# This Is What Happens If You Drive a Train Into a House



## CHamilton (Jan 15, 2013)

> This Is What Happens If You Drive a Train Into a House
> 
> 
> 
> ...


----------



## VentureForth (Jan 15, 2013)

This is a link to the street view on Google Maps. You can spin around and see the buffer track just yards (meters?) away from the apartment.

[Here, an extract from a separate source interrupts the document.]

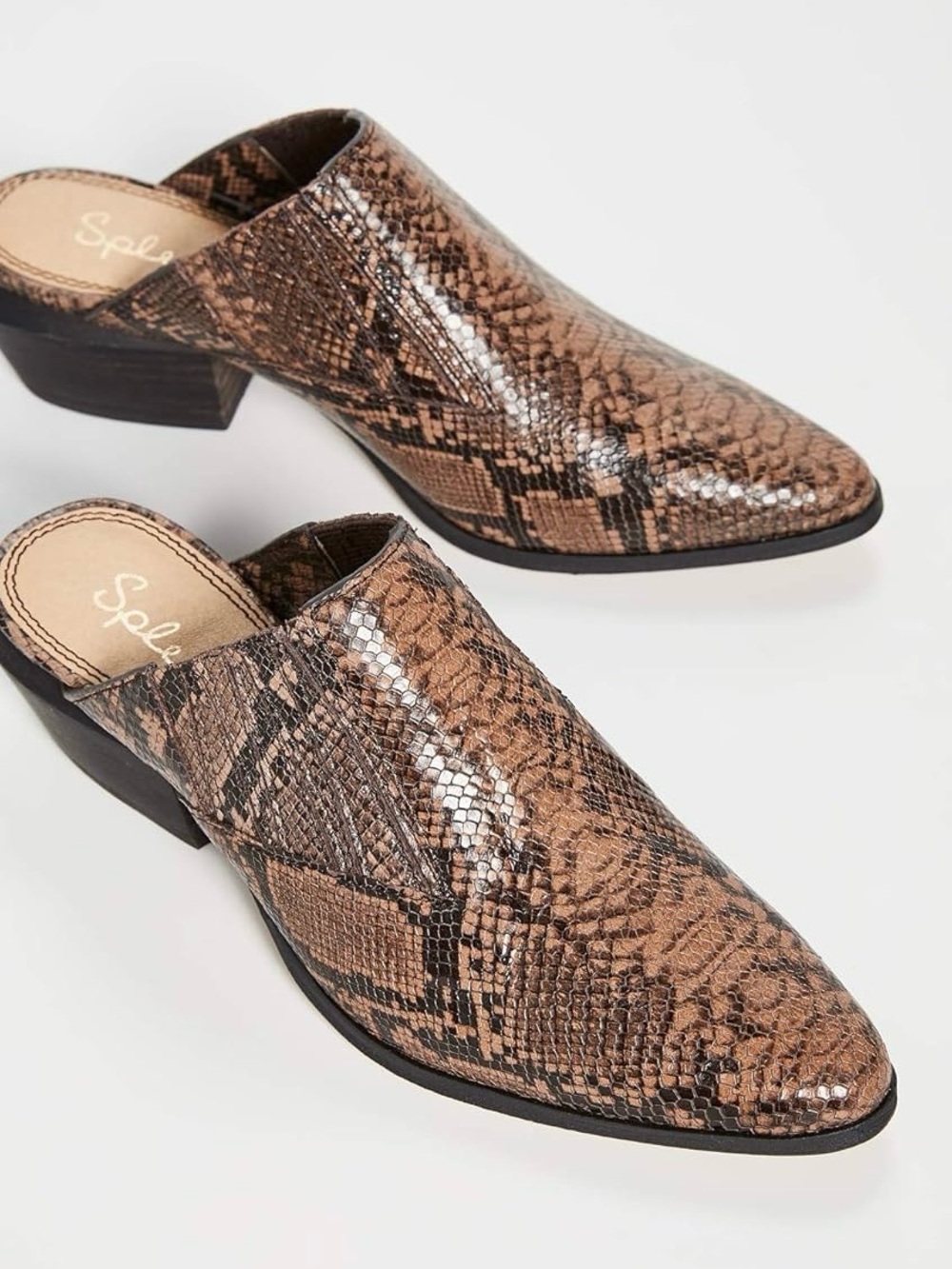 NWT Splendid Hailee Western Snake Print Leather Mule Heels Size 6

https://maps.google.com/maps?q=Saltsj%C3%B6baden,+Sweden&hl=en&ie=UTF8&ll=59.278814,18.313707&spn=0.000005,0.008234&sll=37.0625,-95.677068&sspn=29.245848,67.456055&oq=Saltsjobanan+&hnear=Saltsj%C3%B6baden,+Stockholm+County,+Sweden&t=m&z=18&layer=c&cbll=59.278814,18.313707&panoid=obH5PF11aCt-pBRj7x6MWQ&cbp=12,40.37,,0,6.8


----------



## jsreeves (Jan 15, 2013)

Extreme railfanning.


----------



## ScottRu (Jan 15, 2013)

I try to never drive trains into houses.


----------



## TimePeace (Jan 15, 2013)

Not good, guy.


----------



## CHamilton (Jan 15, 2013)

More details.



> Swedish woman crashes train after taking it for a joyrideA Swedish cleaner stole a train and took it for a joyride before driving it into an apartment building.
> 
> Crash investigators were at first mystified as to how and why the local commuting train crashed through the buffers at a siding in the outskirts of Stockholm in the early hours of Tuesday morning before ploughing into one of the kitchens of the building where five residents were asleep.
> 
> It later turned out that a cleaner had managed to start the train, which was unoccupied at the time, and take it for a spin.


----------



## fairviewroad (Jan 17, 2013)

CHamilton said:


> More details.
> 
> 
> 
> ...


I _LOVE_ the final sentence of that article: [emphasis mine]

"Managers from Stockholm Transport stressed that, despite the incident, it was *almost impossible* to steal a train and take it on an unauthorised journey."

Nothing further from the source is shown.